The records:
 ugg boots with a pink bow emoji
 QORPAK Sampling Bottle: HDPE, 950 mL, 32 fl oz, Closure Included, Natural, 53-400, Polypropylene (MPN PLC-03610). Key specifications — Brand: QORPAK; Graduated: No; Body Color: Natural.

...

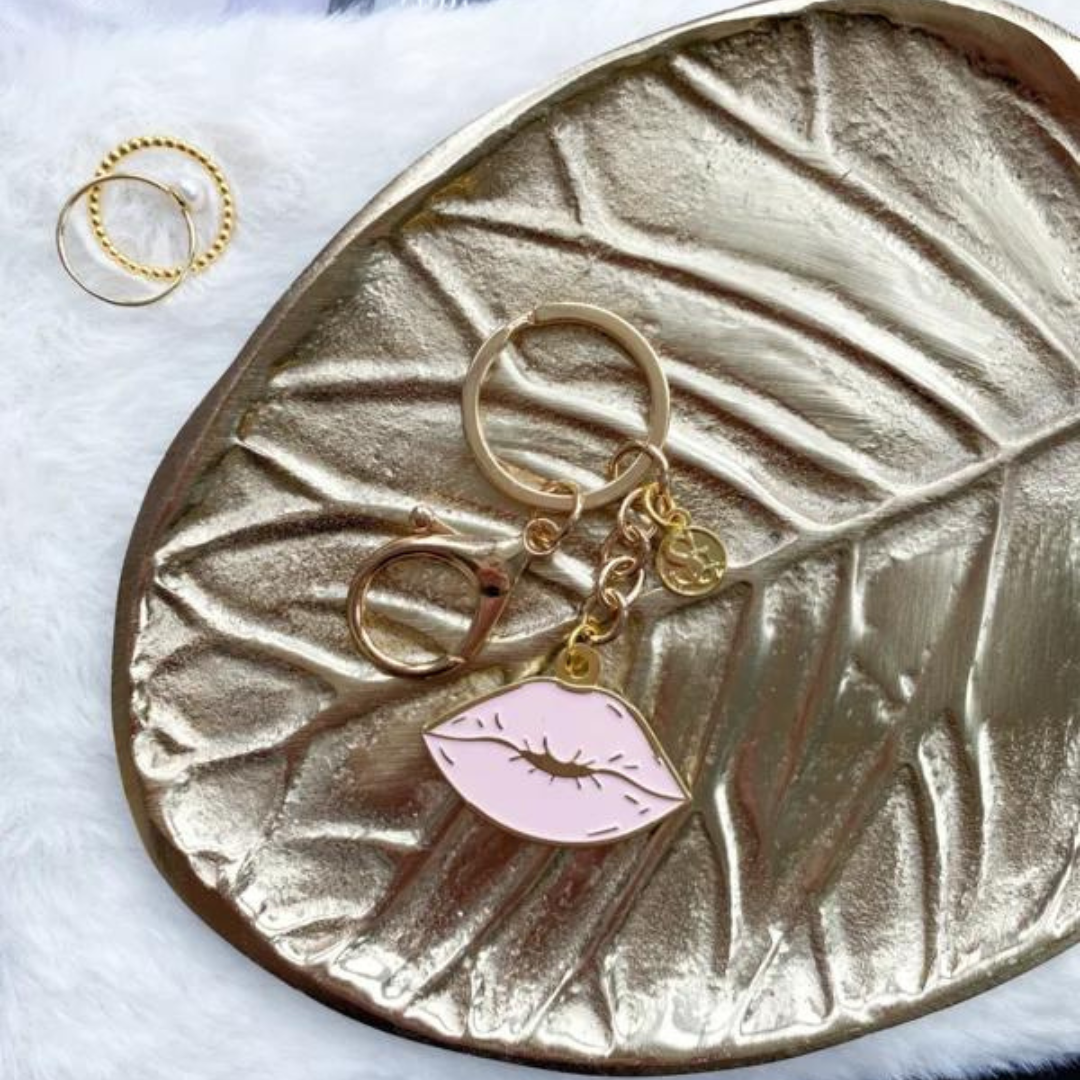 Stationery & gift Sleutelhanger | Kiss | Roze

What you will do: Retype exactly the lines above, from the one with "ugg boots with a pink bow emoji" through the one with "QORPAK Sampling Bottle: HDPE, 950", inclusive.

Answer to this exercise:
 ugg boots with a pink bow emoji
 QORPAK Sampling Bottle: HDPE, 950 mL, 32 fl oz, Closure Included, Natural, 53-400, Polypropylene (MPN PLC-03610). Key specifications — Brand: QORPAK; Graduated: No; Body Color: Natural.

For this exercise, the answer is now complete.